6. Doing little something for yourself brings you all more joy

Doing whatever it is that makes you feel alive once or twice a week will help you feel more resourced as a parent and you will bring that joy with you into your family life. It might be a walk in nature, time at the gym, playing music, dancing, meeting with good friends, or nerding out on parenting books.

This looks different for everyone so it is about finding out what is right for you.

Stuck on what to do? It is so easy to put our own needs last that we can lose ourselves in parenting. This makes it difficult to even remember the things we used to enjoy. If you are struggling to figure out what you enjoy doing you could make a list of all the activities you have enjoyed in the past or have ever thought about trying. Pick one that seems manageable and commit to carving out a little bit of time each week to do that. 

Walking the path of being a gentle parent is often difficult and pushes us to the limits of what we are capable of.

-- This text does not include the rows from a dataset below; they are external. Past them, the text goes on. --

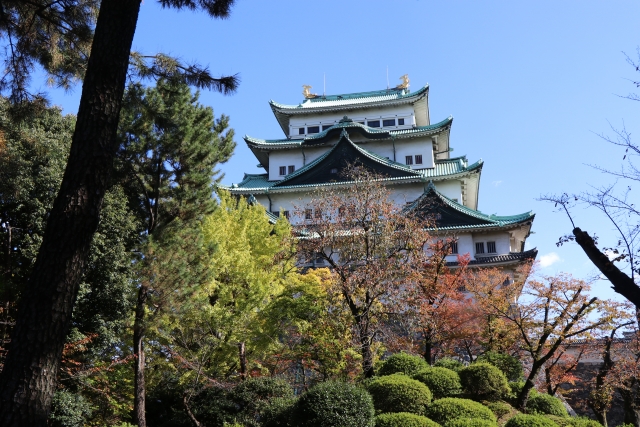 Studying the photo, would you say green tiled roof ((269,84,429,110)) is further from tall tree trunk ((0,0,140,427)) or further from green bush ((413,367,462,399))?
tall tree trunk ((0,0,140,427))

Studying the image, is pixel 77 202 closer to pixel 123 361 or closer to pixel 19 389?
pixel 19 389

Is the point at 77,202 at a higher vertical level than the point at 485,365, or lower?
A: higher

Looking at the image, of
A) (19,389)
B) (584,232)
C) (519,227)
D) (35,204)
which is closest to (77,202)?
(19,389)

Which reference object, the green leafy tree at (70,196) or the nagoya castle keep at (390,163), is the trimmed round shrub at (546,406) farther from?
the nagoya castle keep at (390,163)

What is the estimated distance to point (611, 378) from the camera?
16875mm

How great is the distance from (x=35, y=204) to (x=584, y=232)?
12.9m

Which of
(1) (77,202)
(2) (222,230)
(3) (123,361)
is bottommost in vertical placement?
(3) (123,361)

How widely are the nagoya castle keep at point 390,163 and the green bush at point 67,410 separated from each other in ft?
53.5

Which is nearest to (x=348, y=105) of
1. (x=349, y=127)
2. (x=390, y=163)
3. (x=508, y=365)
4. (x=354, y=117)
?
(x=354, y=117)

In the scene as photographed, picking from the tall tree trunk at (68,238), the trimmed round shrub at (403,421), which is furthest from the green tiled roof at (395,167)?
the tall tree trunk at (68,238)

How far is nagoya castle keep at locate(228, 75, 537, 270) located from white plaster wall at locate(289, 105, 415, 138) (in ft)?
0.23

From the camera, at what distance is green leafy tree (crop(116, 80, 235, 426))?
1266cm

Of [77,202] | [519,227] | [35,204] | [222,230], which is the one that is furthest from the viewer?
[519,227]

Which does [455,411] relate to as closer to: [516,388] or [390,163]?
[516,388] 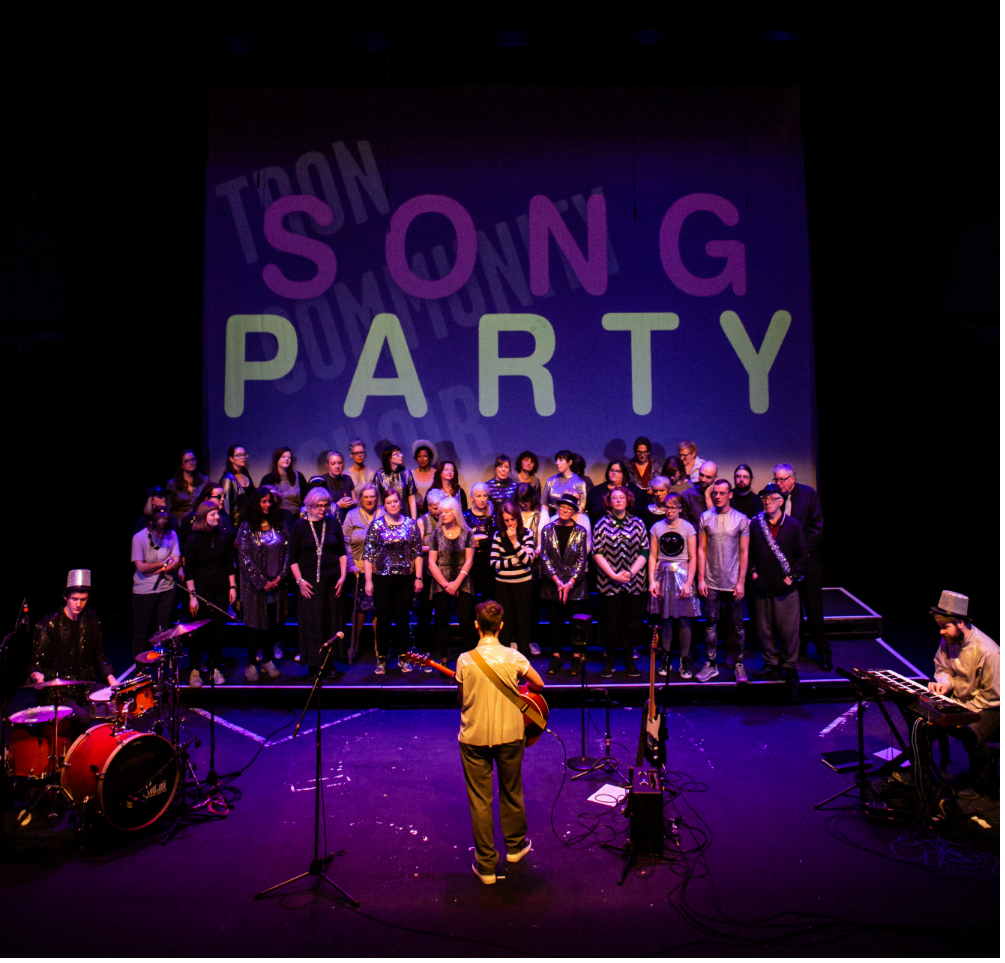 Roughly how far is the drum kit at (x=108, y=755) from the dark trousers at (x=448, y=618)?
8.52 ft

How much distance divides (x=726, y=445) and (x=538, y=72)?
505 cm

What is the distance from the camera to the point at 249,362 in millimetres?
9805

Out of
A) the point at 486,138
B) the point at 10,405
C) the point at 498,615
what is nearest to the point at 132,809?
the point at 498,615

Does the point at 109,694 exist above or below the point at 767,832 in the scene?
above

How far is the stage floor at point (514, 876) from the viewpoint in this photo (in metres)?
3.79

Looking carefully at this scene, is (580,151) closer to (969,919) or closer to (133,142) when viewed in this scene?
(133,142)

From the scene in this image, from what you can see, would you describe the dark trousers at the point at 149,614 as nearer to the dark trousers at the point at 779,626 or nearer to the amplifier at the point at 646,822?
the amplifier at the point at 646,822

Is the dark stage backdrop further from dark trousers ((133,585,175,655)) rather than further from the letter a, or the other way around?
dark trousers ((133,585,175,655))

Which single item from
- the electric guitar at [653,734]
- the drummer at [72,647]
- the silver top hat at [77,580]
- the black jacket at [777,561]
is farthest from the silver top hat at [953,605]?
the silver top hat at [77,580]

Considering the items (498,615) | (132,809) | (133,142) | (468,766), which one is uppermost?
(133,142)

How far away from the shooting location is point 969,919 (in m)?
3.90

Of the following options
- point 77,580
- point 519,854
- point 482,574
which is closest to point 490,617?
point 519,854

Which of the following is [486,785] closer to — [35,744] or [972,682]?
[35,744]

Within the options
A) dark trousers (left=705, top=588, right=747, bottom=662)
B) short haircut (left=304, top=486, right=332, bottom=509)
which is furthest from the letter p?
dark trousers (left=705, top=588, right=747, bottom=662)
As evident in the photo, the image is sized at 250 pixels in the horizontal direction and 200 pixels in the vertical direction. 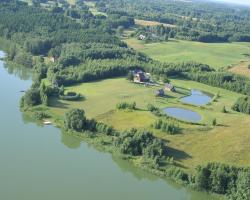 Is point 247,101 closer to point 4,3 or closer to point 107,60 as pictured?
point 107,60

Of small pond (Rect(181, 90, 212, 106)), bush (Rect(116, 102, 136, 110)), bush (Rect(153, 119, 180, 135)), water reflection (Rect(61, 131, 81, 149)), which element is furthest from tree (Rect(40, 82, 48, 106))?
small pond (Rect(181, 90, 212, 106))

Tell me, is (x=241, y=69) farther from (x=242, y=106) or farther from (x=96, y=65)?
(x=96, y=65)

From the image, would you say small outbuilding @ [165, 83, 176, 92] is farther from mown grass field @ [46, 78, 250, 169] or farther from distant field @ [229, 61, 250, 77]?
distant field @ [229, 61, 250, 77]

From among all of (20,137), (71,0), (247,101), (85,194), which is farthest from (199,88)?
(71,0)

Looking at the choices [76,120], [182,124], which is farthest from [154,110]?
[76,120]

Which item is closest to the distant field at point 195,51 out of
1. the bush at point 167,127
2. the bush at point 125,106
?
the bush at point 125,106

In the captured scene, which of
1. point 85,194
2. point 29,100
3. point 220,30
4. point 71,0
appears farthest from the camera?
point 71,0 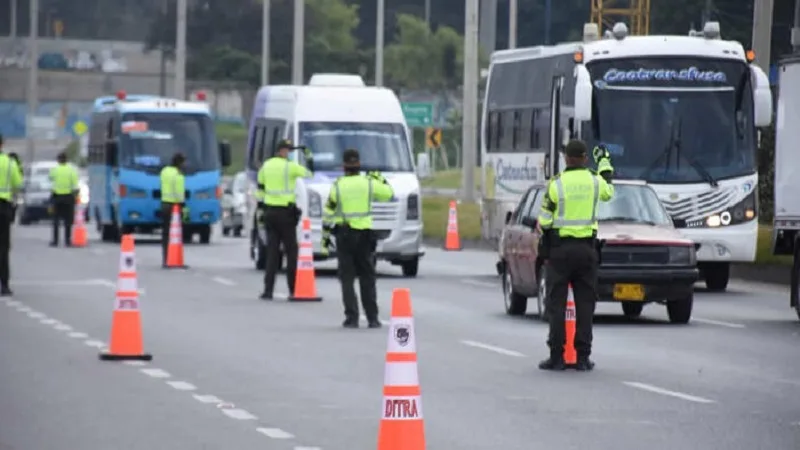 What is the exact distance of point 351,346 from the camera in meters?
21.1

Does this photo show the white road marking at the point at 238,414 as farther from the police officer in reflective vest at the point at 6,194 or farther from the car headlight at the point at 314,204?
the car headlight at the point at 314,204

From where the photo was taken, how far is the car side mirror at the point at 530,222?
81.0 feet

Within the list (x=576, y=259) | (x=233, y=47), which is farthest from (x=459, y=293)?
(x=233, y=47)

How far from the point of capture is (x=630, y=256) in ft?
78.7

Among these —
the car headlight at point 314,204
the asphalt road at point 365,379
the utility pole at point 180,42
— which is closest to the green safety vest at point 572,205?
the asphalt road at point 365,379

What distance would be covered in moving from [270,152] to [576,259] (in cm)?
1861

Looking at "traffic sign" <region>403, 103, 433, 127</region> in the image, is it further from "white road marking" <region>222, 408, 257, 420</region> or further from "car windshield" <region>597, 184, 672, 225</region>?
"white road marking" <region>222, 408, 257, 420</region>

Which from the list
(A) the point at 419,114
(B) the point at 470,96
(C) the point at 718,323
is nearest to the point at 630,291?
(C) the point at 718,323

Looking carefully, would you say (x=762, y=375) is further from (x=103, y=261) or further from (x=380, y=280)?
(x=103, y=261)

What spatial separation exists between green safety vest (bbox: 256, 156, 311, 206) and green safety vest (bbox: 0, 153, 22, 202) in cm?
309

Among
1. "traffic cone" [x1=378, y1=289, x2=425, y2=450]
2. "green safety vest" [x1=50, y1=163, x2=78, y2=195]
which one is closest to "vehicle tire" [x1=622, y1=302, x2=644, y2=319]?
"traffic cone" [x1=378, y1=289, x2=425, y2=450]

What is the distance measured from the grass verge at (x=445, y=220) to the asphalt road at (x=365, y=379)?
20889 mm

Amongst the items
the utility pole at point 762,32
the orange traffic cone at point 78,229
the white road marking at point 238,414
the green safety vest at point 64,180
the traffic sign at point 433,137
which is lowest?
the orange traffic cone at point 78,229

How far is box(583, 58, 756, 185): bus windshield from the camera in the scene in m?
31.2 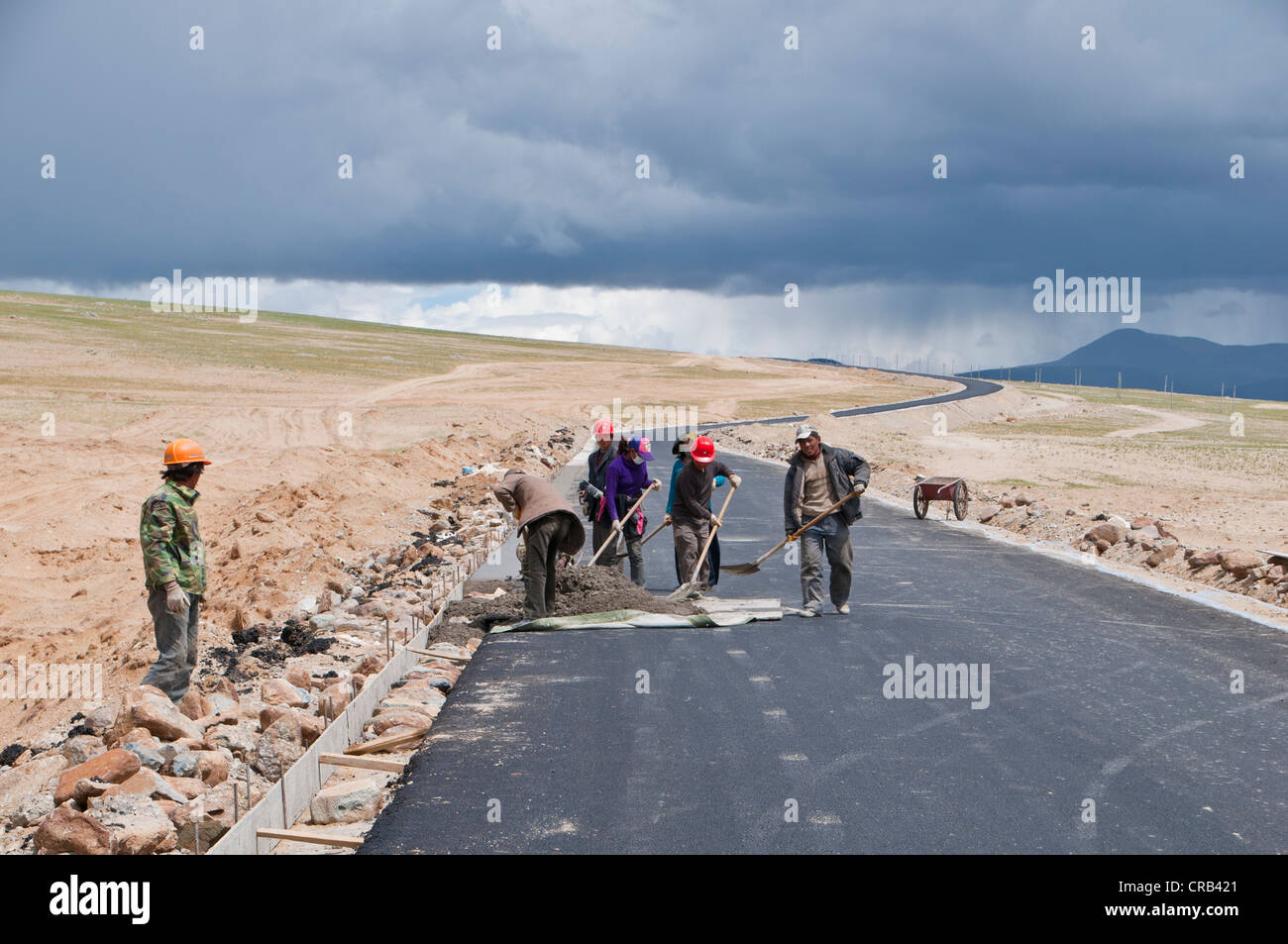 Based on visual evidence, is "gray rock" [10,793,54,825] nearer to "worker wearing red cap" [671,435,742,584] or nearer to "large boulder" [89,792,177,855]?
"large boulder" [89,792,177,855]

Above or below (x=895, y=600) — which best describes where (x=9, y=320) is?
above

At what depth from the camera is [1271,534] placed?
21266 mm

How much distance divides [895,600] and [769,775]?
6359 millimetres

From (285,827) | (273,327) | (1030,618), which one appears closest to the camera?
(285,827)

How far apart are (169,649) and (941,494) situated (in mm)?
14644

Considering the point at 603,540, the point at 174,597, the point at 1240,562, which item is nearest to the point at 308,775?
the point at 174,597

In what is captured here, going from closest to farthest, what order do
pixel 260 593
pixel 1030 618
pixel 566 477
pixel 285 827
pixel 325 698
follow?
1. pixel 285 827
2. pixel 325 698
3. pixel 1030 618
4. pixel 260 593
5. pixel 566 477

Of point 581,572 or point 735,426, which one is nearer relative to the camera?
point 581,572

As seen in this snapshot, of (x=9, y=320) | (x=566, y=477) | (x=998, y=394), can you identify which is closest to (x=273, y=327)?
(x=9, y=320)

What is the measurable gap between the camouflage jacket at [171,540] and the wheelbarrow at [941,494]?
14.4 meters

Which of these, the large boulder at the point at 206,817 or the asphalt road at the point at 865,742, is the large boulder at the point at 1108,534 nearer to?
the asphalt road at the point at 865,742

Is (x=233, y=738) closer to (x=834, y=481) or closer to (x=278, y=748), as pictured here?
(x=278, y=748)

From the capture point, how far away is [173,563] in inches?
354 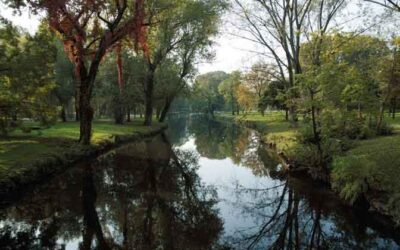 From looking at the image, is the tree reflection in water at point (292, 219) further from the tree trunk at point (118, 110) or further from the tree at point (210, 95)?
the tree at point (210, 95)

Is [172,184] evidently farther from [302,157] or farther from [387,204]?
[387,204]

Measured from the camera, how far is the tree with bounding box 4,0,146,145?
67.0 feet

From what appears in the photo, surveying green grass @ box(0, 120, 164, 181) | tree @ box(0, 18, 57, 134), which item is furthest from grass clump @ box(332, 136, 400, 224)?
tree @ box(0, 18, 57, 134)

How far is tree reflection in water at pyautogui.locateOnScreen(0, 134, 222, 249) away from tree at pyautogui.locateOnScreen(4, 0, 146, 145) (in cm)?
639

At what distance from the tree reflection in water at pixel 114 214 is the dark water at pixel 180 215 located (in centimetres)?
3

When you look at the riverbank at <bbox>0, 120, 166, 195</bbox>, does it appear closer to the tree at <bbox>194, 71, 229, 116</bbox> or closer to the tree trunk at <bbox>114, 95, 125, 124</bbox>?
the tree trunk at <bbox>114, 95, 125, 124</bbox>

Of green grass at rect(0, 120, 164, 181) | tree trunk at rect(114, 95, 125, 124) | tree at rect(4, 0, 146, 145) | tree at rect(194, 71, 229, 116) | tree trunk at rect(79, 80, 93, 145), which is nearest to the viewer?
green grass at rect(0, 120, 164, 181)

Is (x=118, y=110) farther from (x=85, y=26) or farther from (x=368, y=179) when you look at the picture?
(x=368, y=179)

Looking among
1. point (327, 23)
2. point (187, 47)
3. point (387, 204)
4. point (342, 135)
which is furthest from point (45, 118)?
point (187, 47)

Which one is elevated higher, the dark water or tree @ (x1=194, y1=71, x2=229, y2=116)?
tree @ (x1=194, y1=71, x2=229, y2=116)

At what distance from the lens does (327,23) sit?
3008 centimetres

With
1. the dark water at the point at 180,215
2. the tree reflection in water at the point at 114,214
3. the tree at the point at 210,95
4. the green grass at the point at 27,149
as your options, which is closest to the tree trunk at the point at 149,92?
the green grass at the point at 27,149

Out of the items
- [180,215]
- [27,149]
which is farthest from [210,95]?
[180,215]

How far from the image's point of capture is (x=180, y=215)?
12.1 meters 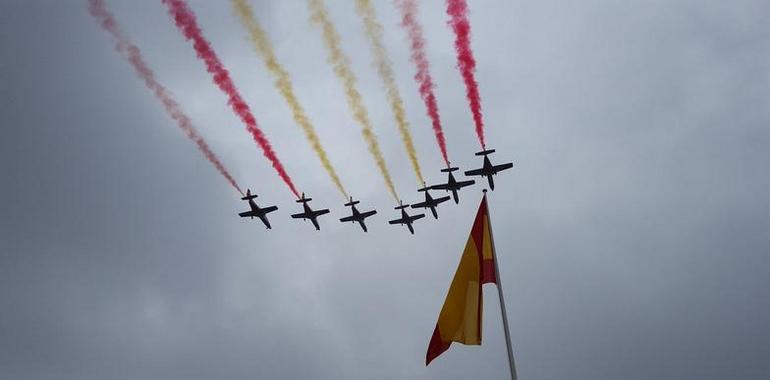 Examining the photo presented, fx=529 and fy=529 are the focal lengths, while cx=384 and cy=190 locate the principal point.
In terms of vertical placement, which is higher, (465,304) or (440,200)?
(440,200)

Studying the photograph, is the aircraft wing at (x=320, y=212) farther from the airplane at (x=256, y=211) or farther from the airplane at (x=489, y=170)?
the airplane at (x=489, y=170)

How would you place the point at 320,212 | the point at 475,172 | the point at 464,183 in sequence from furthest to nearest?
the point at 320,212 → the point at 464,183 → the point at 475,172

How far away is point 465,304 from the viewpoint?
52.0ft

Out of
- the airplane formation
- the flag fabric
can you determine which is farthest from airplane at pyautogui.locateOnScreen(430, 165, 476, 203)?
the flag fabric

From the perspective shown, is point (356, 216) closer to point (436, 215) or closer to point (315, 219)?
point (315, 219)

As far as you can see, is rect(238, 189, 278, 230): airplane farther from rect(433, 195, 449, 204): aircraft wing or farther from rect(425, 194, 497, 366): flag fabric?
rect(425, 194, 497, 366): flag fabric

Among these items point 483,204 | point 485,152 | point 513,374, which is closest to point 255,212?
point 485,152

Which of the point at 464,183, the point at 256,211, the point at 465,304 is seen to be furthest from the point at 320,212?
the point at 465,304

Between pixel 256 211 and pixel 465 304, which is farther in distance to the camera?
pixel 256 211

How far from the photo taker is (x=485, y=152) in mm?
49438

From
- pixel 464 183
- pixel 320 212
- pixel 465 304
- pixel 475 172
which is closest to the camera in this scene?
pixel 465 304

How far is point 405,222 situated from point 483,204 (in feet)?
147

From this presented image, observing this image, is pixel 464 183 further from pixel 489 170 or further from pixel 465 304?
pixel 465 304

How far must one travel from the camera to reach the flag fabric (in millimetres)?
15695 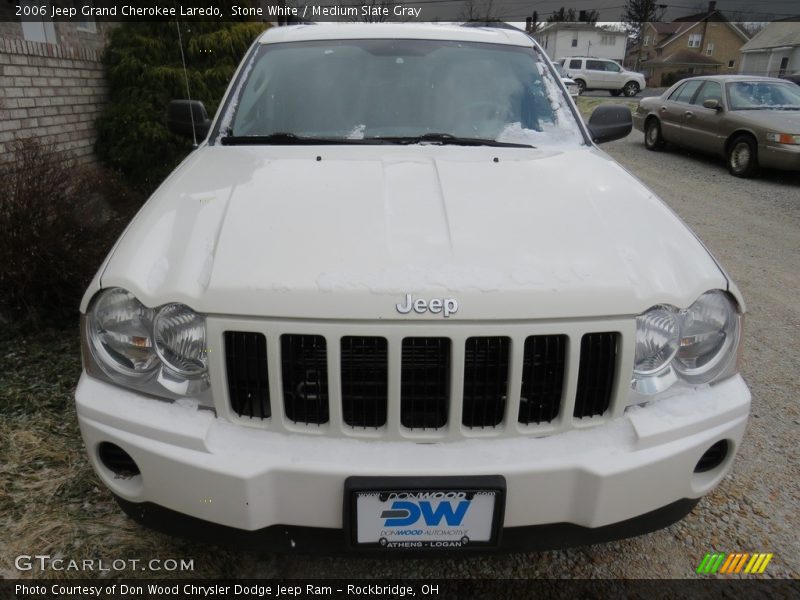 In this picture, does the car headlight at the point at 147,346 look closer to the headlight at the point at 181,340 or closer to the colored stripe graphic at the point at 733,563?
the headlight at the point at 181,340

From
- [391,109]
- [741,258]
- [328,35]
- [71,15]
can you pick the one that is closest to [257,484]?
[391,109]

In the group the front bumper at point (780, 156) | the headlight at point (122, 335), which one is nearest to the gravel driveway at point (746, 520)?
the headlight at point (122, 335)

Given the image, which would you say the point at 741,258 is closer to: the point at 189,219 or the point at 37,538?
the point at 189,219

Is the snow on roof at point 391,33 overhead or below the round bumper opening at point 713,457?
overhead

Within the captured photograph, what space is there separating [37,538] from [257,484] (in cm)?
120

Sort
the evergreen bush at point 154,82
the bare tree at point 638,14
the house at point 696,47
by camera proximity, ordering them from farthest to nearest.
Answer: the bare tree at point 638,14 → the house at point 696,47 → the evergreen bush at point 154,82

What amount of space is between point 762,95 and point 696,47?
67806 mm

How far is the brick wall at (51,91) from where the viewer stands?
5.25 metres

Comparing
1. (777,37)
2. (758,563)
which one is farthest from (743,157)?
(777,37)

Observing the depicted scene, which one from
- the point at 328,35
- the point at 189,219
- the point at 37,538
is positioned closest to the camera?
the point at 189,219

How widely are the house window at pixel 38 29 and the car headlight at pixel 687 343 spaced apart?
705cm

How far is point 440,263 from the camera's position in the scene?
1690mm

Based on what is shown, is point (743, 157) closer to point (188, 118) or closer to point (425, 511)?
point (188, 118)

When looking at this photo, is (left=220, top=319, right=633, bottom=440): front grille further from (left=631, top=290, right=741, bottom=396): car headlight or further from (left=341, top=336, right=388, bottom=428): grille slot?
(left=631, top=290, right=741, bottom=396): car headlight
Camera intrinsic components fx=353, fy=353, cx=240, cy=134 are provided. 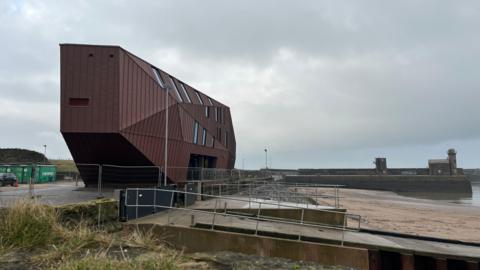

When we have those inevitable days or weeks when it all goes wrong and we feel like we are failing our children, it can be helpful to take a step back.

Remind yourself of all the times you have responded to your child with respect and understanding. Then look at it from your child’s perspective – they have a parent who loves them deeply, who is doing their very best with the tools and resources they have, who is committed to being a gentle and respectful parent, who often gets it wrong but does their best to repair and no matter what, keeps showing up day after day.

That is one lucky child to have you in their corner. Know that that is enough.  

I hope these ideas have given you some hope that, with the right tools and support, it is possible to feel like an able and confident parent. I would love to hear what practices work for you and to help you feel resourced as a parent.